The ratio of stored elements to bucket count is called the load factor. A load factor below 0.75 generally maintains O(1) performance. As the load factor increases, chains grow longer and performance approaches O(n). Production hash tables like Swift’s Dictionary automatically resize when the load factor exceeds a threshold, rehashing all elements into a larger bucket array to restore short chains.

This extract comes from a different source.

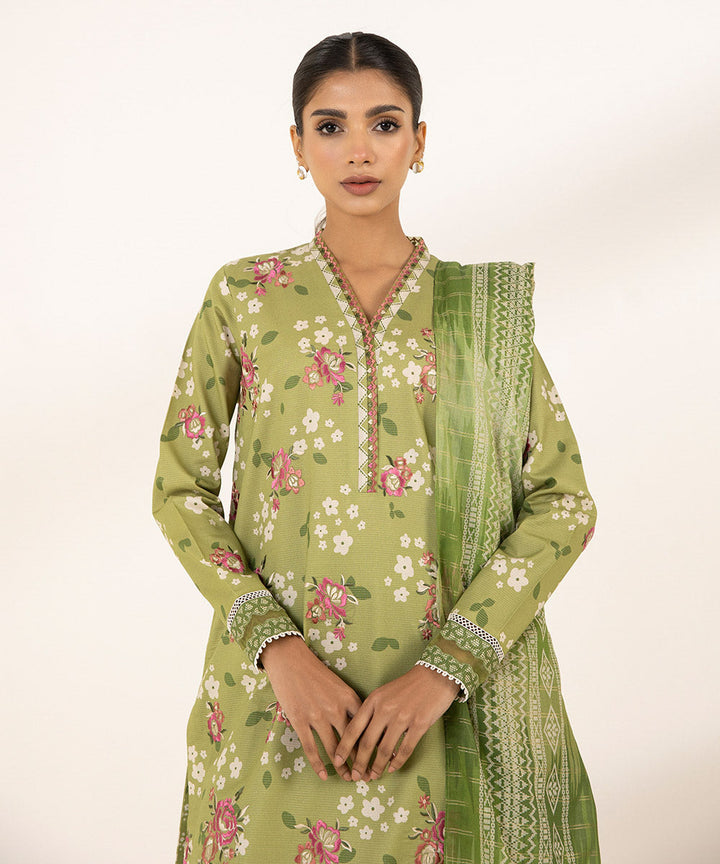 3 Piece - Embroidered Zari Lawn Suit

Comparison with other data structures
| Operation | Array | Linked List (Ch 9) | BST (Ch 11) | Hash Table |
|---|---|---|---|---|
| Search | O(n) |
O(n) |
O(log n) |
O(1) avg |
| Insert | O(n) |
O(1) |
O(log n) |
O(1) avg |
| Delete | O(n) |
O(n) |
O(log n) |
O(1) avg |
| Ordered Traversal | Yes | No | Yes | No |
| Memory Overhead | Low | Medium | Medium | Medium-High |
Hash tables in iOS development
Every iOS app uses hash tables. Swift’s Dictionary is a hash table, providing the same O(1) key-value operations we built in this chapter. Data caching provides one of the most common use cases — rather than repeatedly formatting the same distance value, cache the result:
// Cache formatted strings to avoid repeated computation
var formattedDistances = [Double: String]()

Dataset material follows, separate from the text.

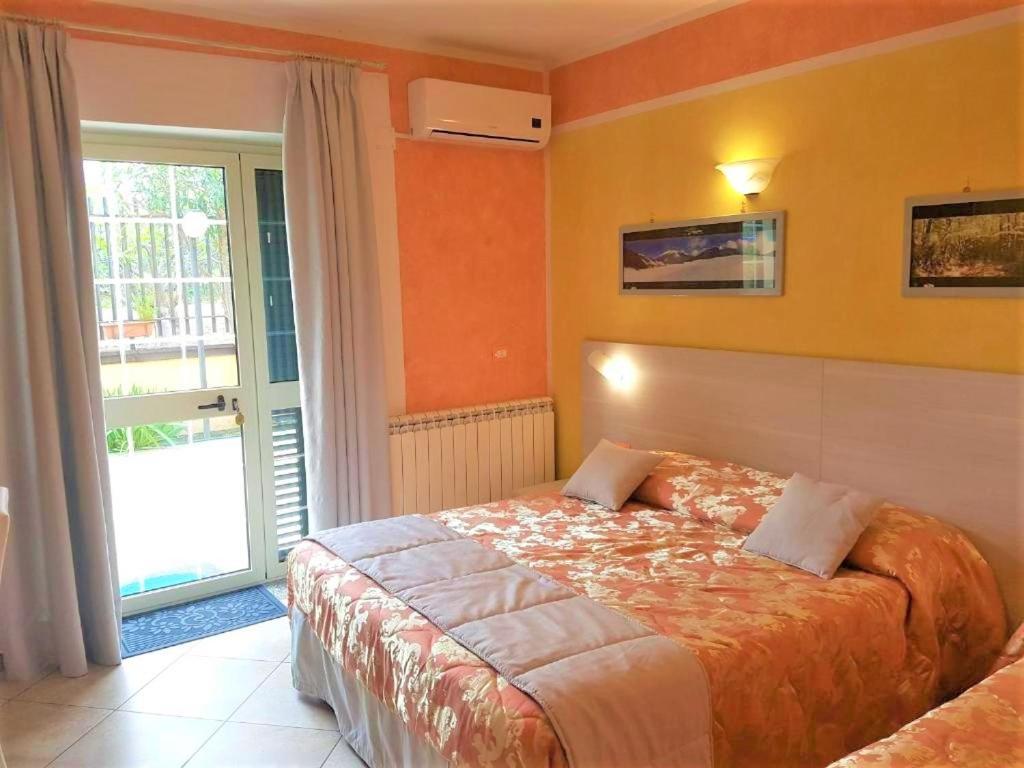 Bed and Breakfast Il Laghetto Castrovillari Exterior foto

if let cached = formattedDistances[5.2] {
return cached // O(1) lookup
} else {
let formatted = formatDistance(5.2)
formattedDistances[5.2] = formatted // O(1) store
return formatted
}
Grouping data by category is another natural fit. Workout aggregation by month becomes trivial with hash table semantics:
// Group workouts by month using hash table
var workoutsByMonth = [String: [Workout]]()
workoutsByMonth["2024-01"] = [...] // Instant grouping
With arrays, finding a workout by name requires checking every element — O(n) time. With Dictionary, hashing directly to the value takes O(1) time. For 10 workouts, the difference is negligible. For 10,000 workouts, Dictionary wins by orders of magnitude.

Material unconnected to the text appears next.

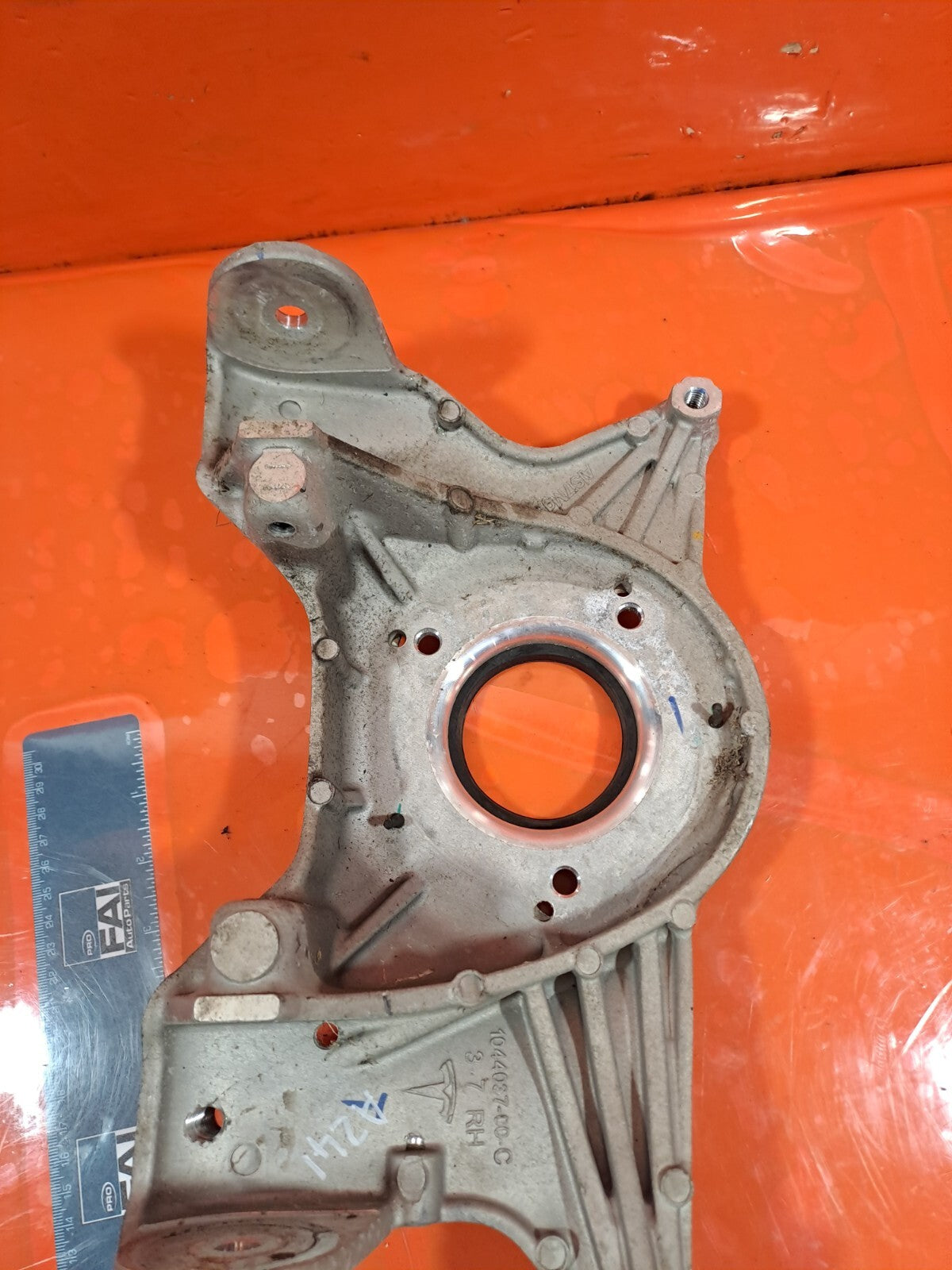 ✅2018-2025 TESLA MODEL 3 FRONT RIGHT STRUT UPPER BRACKET 1044376-00-D + WARRANTY - Image 3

Building algorithmic intuition
Hash tables achieve O(1) average-case performance through clever use of hashing and array indexing. The progression from HashSet to HashChain reveals a fundamental design pattern — start with the simplest possible solution, identify its limitations through concrete examples, then layer on complexity only where needed. Collision handling through separate chaining demonstrates how combining data structures (arrays and linked lists) creates solutions more powerful than either alone.
Hash tables complement other data structures throughout this book. Binary search trees from Chapter 11 maintain sorted order but require O(log n) operations, tries from Chapter 14 excel at prefix searches, and hash tables sacrifice ordering for O(1) lookups. Recognizing when constant-time access matters more than ordering is a practical skill that extends to shortest path algorithms in Chapter 16 and dynamic programming in Chapter 18.